The diagnostic process led to the selection of a hydraulic fracture treatment to stimulate the reservoir. Consequently, the Schlumberger purpose-built marine stimulation vessel, Big Orange XVIII, was deployed alongside the Brae Alpha platform with dynamic positioning to conduct the operation. ScaleProp, a proppant impregnated with scale inhibitor, was used to enhance the conventional fracturing process, ensuring long-term protection within the fracture from potential scale precipitation.
Getting back to production
Following the application of the contractor's solution, well B21 has since produced 10 MMcf/d of gas, about 600 b/d of condensate and no water.
An innovative lift-log procedure was required to gather data from well B23 because it would not flow. "We did not really know why the well initially stopped flowing when we had the platform shutdown," McIninch said. Inert nitrogen gas was used to lighten the fluid column and flow the well while log data was collected on memory. Making this application on B23 unique was the first-time use of PSP on coiled tubing in a live well with nitrogen and memory - to provide real-time production data from the well flow.
"What we found was that there was some water production coming from the lower interval, H4, and we wanted to get this isolated, but the data was not as conclusive as on B21." Again, Marathon elected to plug back and isolate the lower stringers. But this time, there was not enough data to confidently use a fracture treatment. Prior to the shutdown, this well had been producing about 800 b/d of condensate and 15 MMcf/d of gas. Marathon chose to risk an acid treatment in an attempt to remove scale from the perforation and reopen the channel to the reservoir. "We were not successful with that treatment," McIninch said. "After the frac success in B21, however, we are currently considering a return to B23."
Reaping the Benefits
McIninch feels that Schlumberger involvement allowed Marathon to reduce its exposure to the risk involved in a costly and sophisticated intervention and data-gathering exercise that might not have paid off. "We think we did the right thing to bring somebody else on board to reduce the risk, and reduce our total exposure," he said. "On B21, it gave us a better feeling for what we might be able to recover."
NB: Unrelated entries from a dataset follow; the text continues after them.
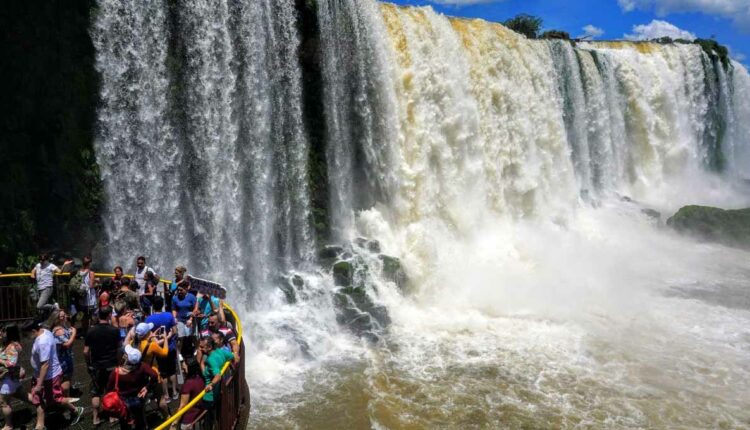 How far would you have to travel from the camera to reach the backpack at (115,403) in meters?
5.59

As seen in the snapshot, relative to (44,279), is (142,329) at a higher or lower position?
lower

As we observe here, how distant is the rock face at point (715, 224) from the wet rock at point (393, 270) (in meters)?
17.0

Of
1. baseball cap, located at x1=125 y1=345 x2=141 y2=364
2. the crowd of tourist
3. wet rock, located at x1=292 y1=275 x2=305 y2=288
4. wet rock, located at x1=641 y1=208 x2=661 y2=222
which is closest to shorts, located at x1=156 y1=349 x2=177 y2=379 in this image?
the crowd of tourist

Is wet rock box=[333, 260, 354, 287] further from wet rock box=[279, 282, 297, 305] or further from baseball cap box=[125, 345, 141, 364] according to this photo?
baseball cap box=[125, 345, 141, 364]

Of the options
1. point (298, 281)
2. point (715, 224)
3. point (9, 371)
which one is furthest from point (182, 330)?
point (715, 224)

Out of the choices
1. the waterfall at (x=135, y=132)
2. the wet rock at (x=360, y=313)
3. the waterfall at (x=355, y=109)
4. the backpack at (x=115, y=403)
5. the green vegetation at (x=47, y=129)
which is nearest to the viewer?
the backpack at (x=115, y=403)

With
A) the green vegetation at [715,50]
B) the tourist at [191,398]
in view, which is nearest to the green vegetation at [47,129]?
the tourist at [191,398]

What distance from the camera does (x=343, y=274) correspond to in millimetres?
14609

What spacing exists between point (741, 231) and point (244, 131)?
74.7 ft

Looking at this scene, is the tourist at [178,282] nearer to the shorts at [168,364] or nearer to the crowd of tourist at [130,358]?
the crowd of tourist at [130,358]

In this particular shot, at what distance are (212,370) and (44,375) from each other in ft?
Result: 5.95

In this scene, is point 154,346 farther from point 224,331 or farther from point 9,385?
point 9,385

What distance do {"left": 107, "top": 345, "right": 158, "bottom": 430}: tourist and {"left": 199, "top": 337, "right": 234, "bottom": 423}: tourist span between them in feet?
1.89

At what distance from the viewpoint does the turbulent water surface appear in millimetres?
11180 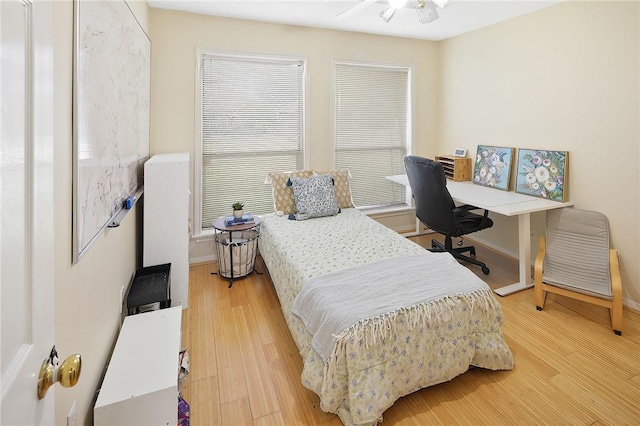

That made it easier for the solution phase of the project (fracture treatment) to receive management approval, even though a success and payout cost more money - and on that basis, the operator feels the investment was worthwhile.
Schlumberger said the project was rewarding for both parties. One of the two wells was returned to production, and the entire project paid out in 3 months. Field production levels also increased twofold, the contractor said. Water production remains nominal, and additional wellbores will be evaluated for stimulation treatments.
Furthermore, the operation marked one of the earliest uses of ScaleProp. And the project involved a lift-log procedure, whereby memory production logging equipment was deployed on coiled tubing with nitrogen on a live well and data obtained before water production killed the relevant well. A probabilistic model also was used to quantify the risks of the operation and identify the likelihood of success. This in turn was used to devise a commercial model for the data acquisition program that was commercially beneficial to Marathon and Schlumberger. This was the classic "risk- reward" element that made the work worthwhile for both parties.
Both parties also carried out their own engineering analyses, allowing further discussion and resolution of discrepancies.
And finally, by the time the intervention work had been done, a record tonnage
of proppant was put into the Brae formation.